#### [TASK REQUIREMENTS]
In the material below, the lines between the one holding "A Torre Proibida, De" and the one holding "The House of", inclusive, are to be set down word for word. Pictures stay out.
SUPPLIED RECORDS below:
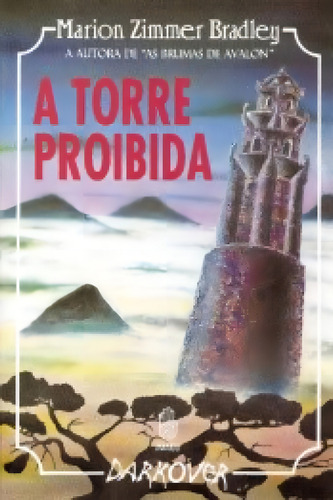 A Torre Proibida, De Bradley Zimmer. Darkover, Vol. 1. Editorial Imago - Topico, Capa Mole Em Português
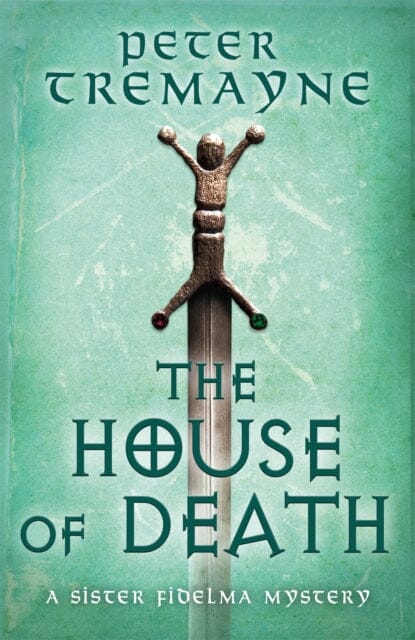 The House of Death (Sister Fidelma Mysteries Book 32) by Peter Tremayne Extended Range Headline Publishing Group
End of SUPPLIED RECORDS.
SUPPLIED RECORDS below:
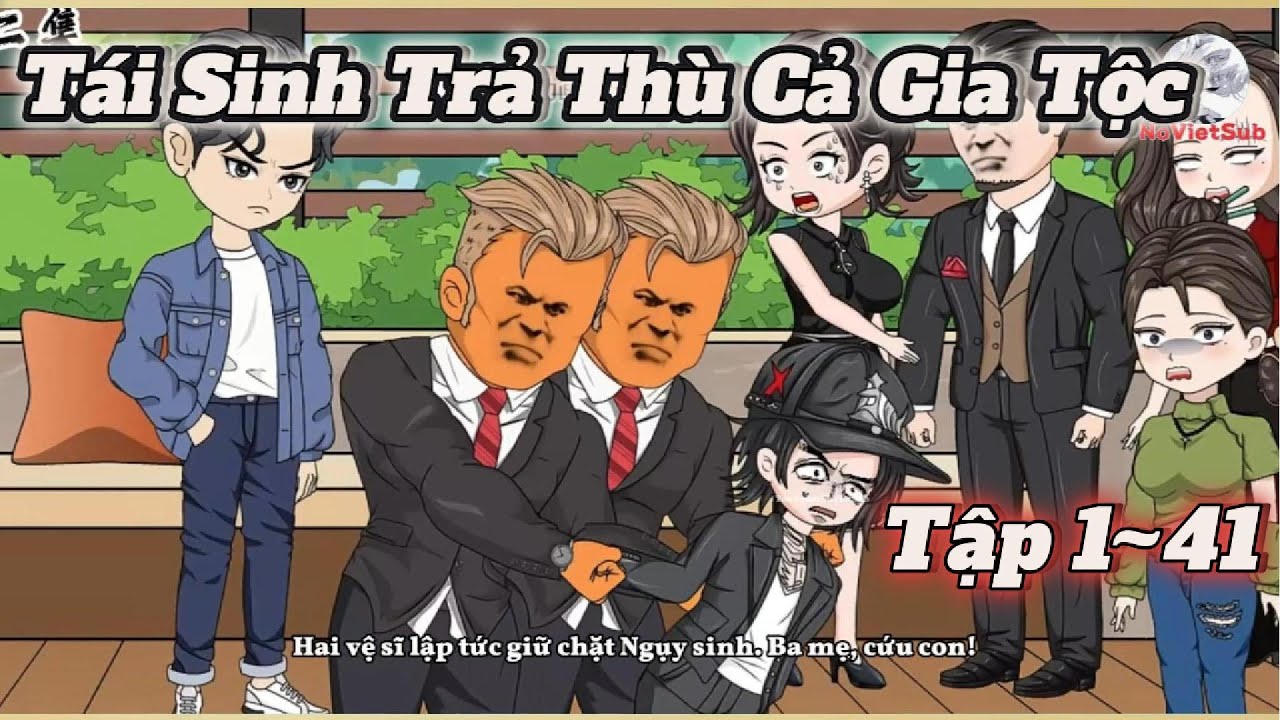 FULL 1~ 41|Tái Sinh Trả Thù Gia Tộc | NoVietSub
End of SUPPLIED RECORDS.
#### [ANSWER SPACE]
 A Torre Proibida, De Bradley Zimmer. Darkover, Vol. 1. Editorial Imago - Topico, Capa Mole Em Português
 The House of Death (Sister Fidelma Mysteries Book 32) by Peter Tremayne Extended Range Headline Publishing Group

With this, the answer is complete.